One Toronto couple has received a fair share of social media attention recently after sharing their journey with memory loss and traumatic brain injuries.
Nesh Pillay has been dealing with significant amounts of memory loss following a brain injury, and has taken to TikTok to share the journey alongside her boyfriend JJ.
Pillay documents herself mistaking her boyfriend for an Uber driver, being scared that her mother knows she smokes weed, and the sometimes daily confusion clouding her brain.
The couple has been called the real life 50 First Dates or The Vow movie come to life after Pillay shared a video where she told viewers she forgot who JJ was.
In that video, which has been viewed thousands of times, you’ll see JJ reassuring Pillay that things are OK, accompanying her on doctor’s visits, and learning how to braid her hair.
Moments of true love.
A Toronto couple is being called the real-life ’50 First Dates’ as they share their journey with memory loss – 📹 Nesh Pillay https://t.co/dxS98KBeiO #Toronto pic.twitter.com/mqfk5XmBrW
— blogTO (@blogTO) February 1, 2023
While these seconds-long moments can bring a few laughs, it’s an extremely vulnerable moment that Pillay and JJ have decided to publicly share.
In the beginning, Pillay tells blogTO she published the first video to explain her situation to her family, and let them know why she hadn’t been responding to calls or texts.
“You can’t exactly mail people announcements that say ‘Surprise! It’s a traumatic brain injury!'” she said. “Since then, I’ve been sharing because my ability to help and connect with others has given me a sense of purpose.”
But after seeing the positive (and often times overwhelming) feedback and reaction from her video, Pillay began to show followers more intimate details of her day-to-day journey.
She said hundreds of comments show that she is not alone in her recovery.
“Most of us receive limited medical support (simply because the brain isn’t understood well) and are left quite alone, wondering if we’re imagining our symptoms or if we’ll ever recover. Suddenly I realize there are hundreds of thousands of people who have been suffering alone. Now at least, we can suffer alone together,” she said.

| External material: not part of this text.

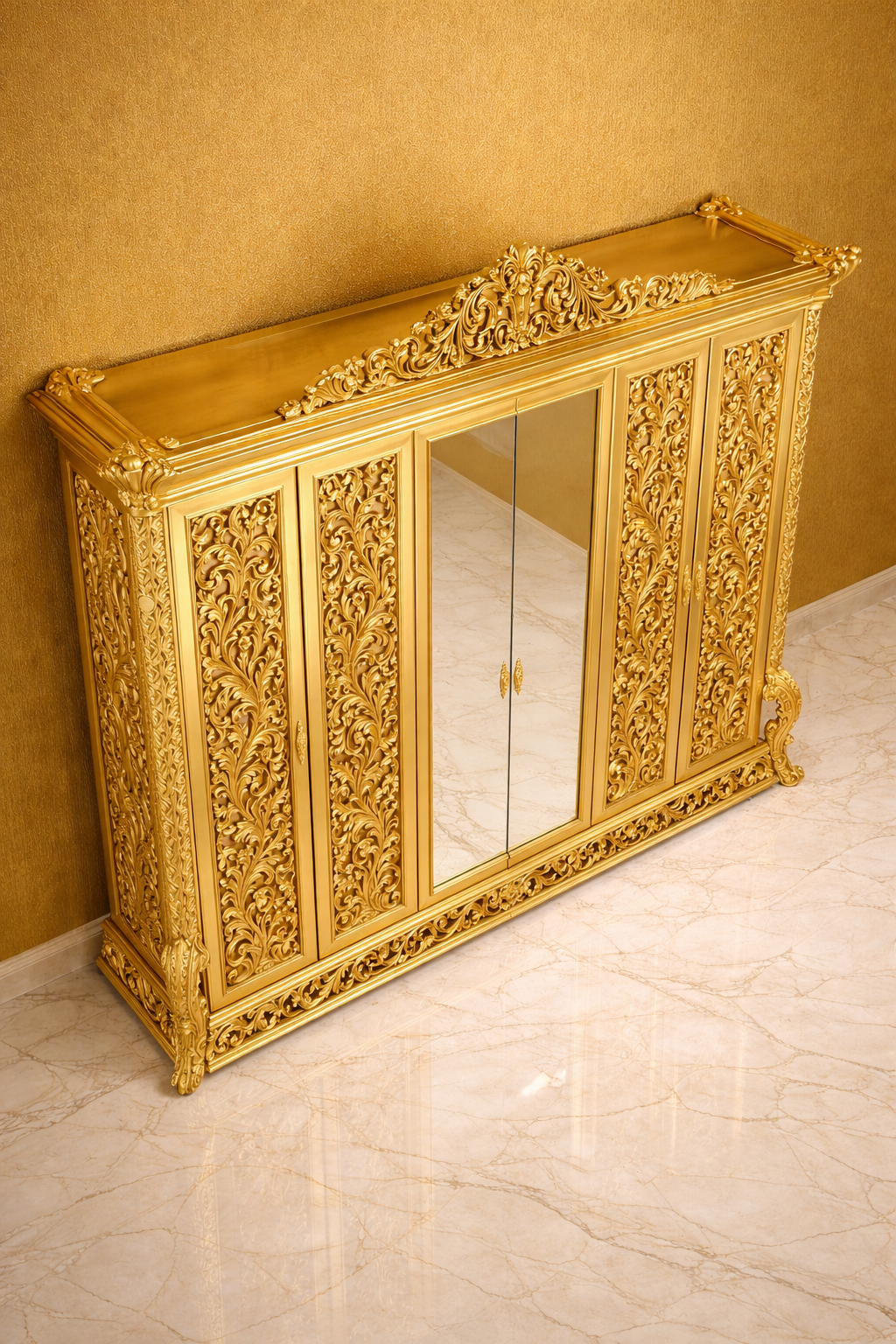 Luxury Gold Royal Carved Wardrobe with Mirror Doors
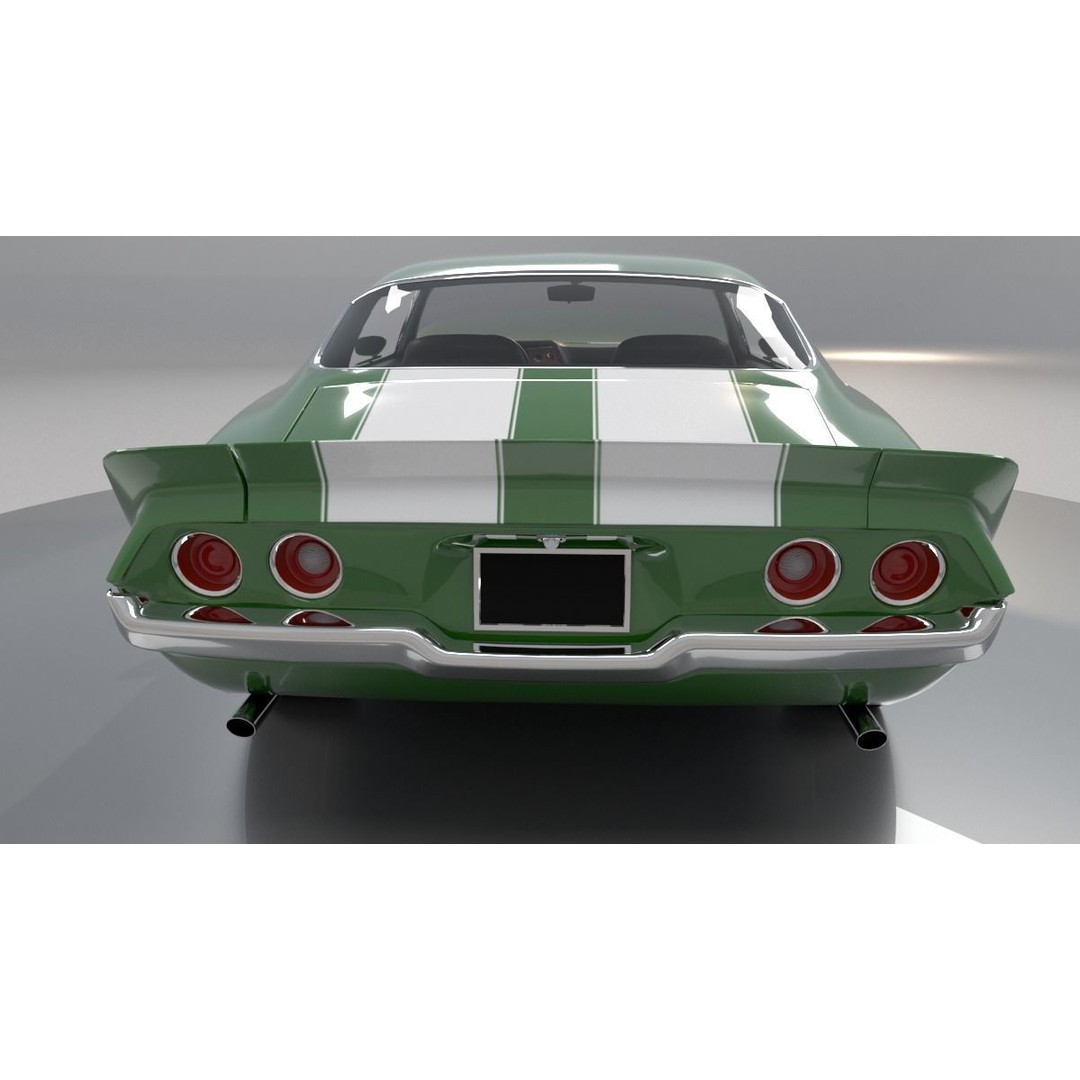 Chevrolet Camaro RS 1970 3D Model – High Poly Antique Car, FBX, OBJ - View 6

The connection she has with other people who also have traumatic brain injuries has given Pillay a sense of purpose, as she finds there are often many things people don’t know about brain injuries and recovery.
Unlike in the movies, where you’ll likely see somebody dealing with memory loss wrapped in a head bandage being observed by multiple doctors, Pillay says that is not what really happens.
“While there may be a team of doctors during your initial injury, once it’s determined that you’re alive and not dying in the immediate future, you’re left on your own,” she explains. “You’re left to sift through your remaining (unreliable) memories and piece your life back together.”
Pillay also wants to use her platform to talk about the level of care that women of colour are subjected to, after she went through multiple doctors who didn’t believe her when she said something was wrong.
Of course, there are many moments of Pillay’s and JJ’s life that viewers aren’t seeing. When you watch one of their videos, you know that Pillay had enough strength to pick up the phone and record. Some days, that’s just not possible.
“I’ve gotten thousands of messages from people who relate to my story and find that my journey validates their own,” she said. “Now I think, ‘Yeah this sucks, but maybe I lost my memory for a larger reason’.”